But, I must & will remain industrious – I can’t abide laziness, and I hope I will always remember Castaneda’s other teachings, about Impeccable Intent, etc – and that our constant fine intent in the world is our guiding arrowhead, on our flight into the unknown – so that we can perhaps have this image of ourselves as a projectile, travelling at warp speed through space, enclosed in a soft warm capsule, our capsule/aura of love/kindness/intent [colour it a translucent shade of candy-pink, or orange or yellow or green or blue – the soft pastels, or even a neon or primary colour if you feel braver] - and as we brush past others, in their own capsules, our auras touch & mingle, and dent and bulge, like soap bubbles, and sometimes become locked onto others, of the very significant people in our lives – and hope & pray that you are not bound to another person’s toxic bubble, because your very own bubble can be popped and damaged, and become very misshapen, and turn an ugly & probably dark colour, because of being poisoned by another’s energy – mostly inadvertently – and that’s when nervous breakdowns can & do happen, and depressions, anxieties, and I believe also diseases, like cancers etc

So I don’t know what society and us individuals are supposed to do with the energy thieves, and the Takers – they must just learn their own lessons of maturity, and love, somehow, and not end up in jail or the gutter – maybe it’s just the old Indian philosophy of Karma that holds in the end – that those people [all of us actually] are just at different development stages/levels, in the  process of repaying past karmic debts – and some of us will somehow make up some ground in this current lifetime – Jesus was one of our examples of karmic perfection – and in the end, as the Christian version goes, he ascended to Heaven, his Earthly mission complete – those much further down on the ladder of karma, must perhaps live their life on earth in a hell of anger and maybe even criminality, and abuse of others rights and lives and emotions, and when they die, perhaps return in their next life on Earth, as another lowly being, to learn those lessons that lead to Freedom & Joy, and some kind of maturity – and our job is to be vigilant, in a kind but also self-caring way, that we don’t get mangled or tangled with lesser beings, don’t get caught up in their telescopic rifle cross-hairs, or anywhere in the cross-fires...
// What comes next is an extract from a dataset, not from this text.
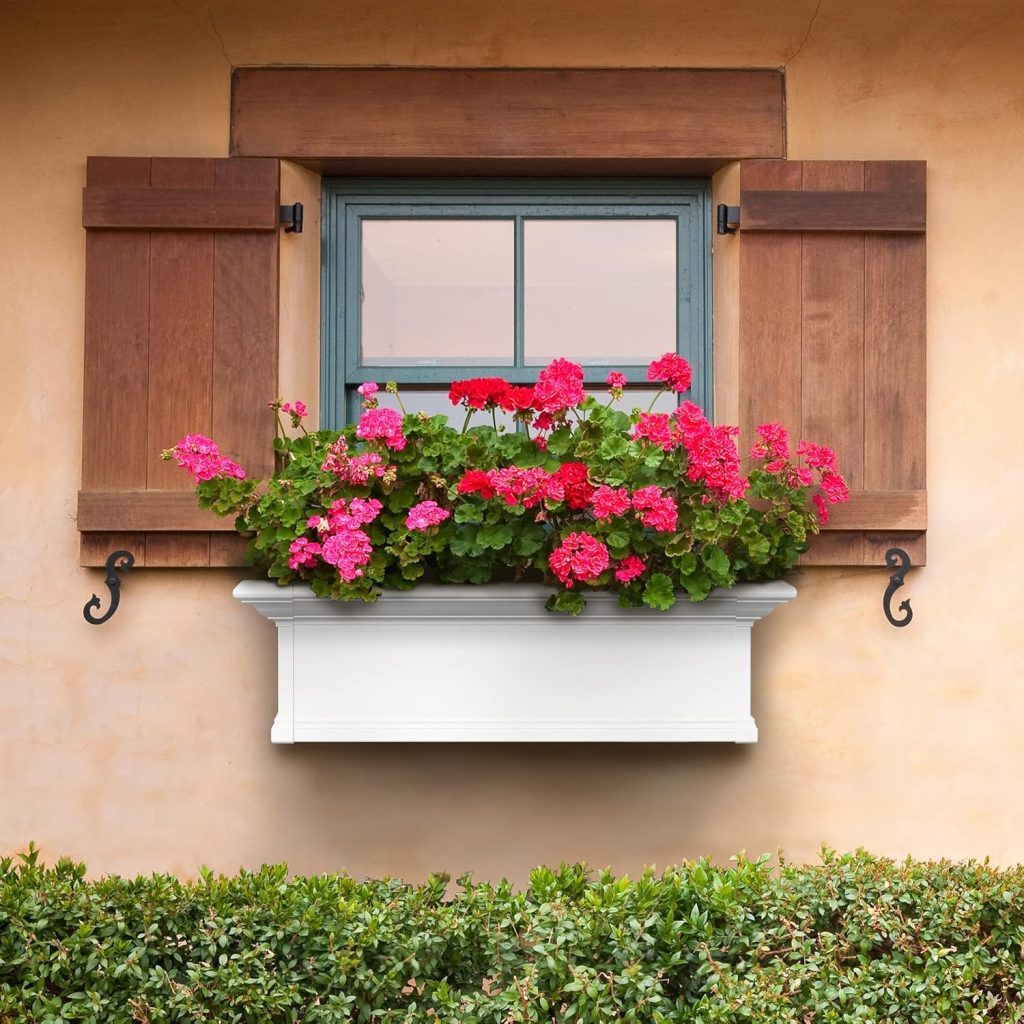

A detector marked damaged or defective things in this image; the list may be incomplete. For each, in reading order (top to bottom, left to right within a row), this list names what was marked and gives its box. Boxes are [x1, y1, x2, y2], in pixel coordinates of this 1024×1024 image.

crack in stucco [782, 0, 823, 67]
Vigilance, try to keep it humble, gracious, humorous, kind, but also firm; clear & impeccable Intent; and good Energy, which should include a good amount of self-love and caring, and an awareness of your own luminous and soft capsule, your energy bubble that surrounds you, and protects you – maybe those are my current lessons that guide me on toward my next encounters, with whomever I am pre-destined to meet & mingle with


Namaste, and don’t forget the power and wonder of hugs J

Thursday 8 May 2014

Blog 7 May 2014-05-07

Up early on this voting day, 4.30am, with winter’s darkness already stealing back the early morning hours – now at 6am, still darkness, but soon the sky will turn blue

One more day off work in this autumn holiday period, with some friends planning their 2015 annual vacation for this season, with its multiple public holidays, very disruptive to a working week – I don’t think the civil servants mind – the way I remember it, the more time off work the better, and it was always the best time to take a vacation, because a few days vacation, sandwiched between many public holidays, always gave the longest continuous leave periods, without eating away too badly at your annual leave days allocation...

It’s been an interesting time for me, the past few weeks, since theft of my cellphone on 16th April, and then the car accident of 19th April, which left me without wheels – at the end of this week on 10th May, it will be a full 3 weeks that I will have been without my sturdy Isuzu bakkie, a car I have come to love – a 1995 doublecab 280LE , which should come out of this smash with a completely renewed front suspension, and should be an even more comfortable ride than before – The R18k that Santam pays oiut to me as ‘Third party’ insurance, should cover the damage, although it looks like it will not be by much – it seems that insurance companies are staffed by people who are very engagingly nice when they sell you insurance, but who appear to be a bit inhuman when it comes to helping the person who is an indirect beneficiary of an insurance policy – I will leave it to the short-term insurance ombudsman/woman to arbitrate..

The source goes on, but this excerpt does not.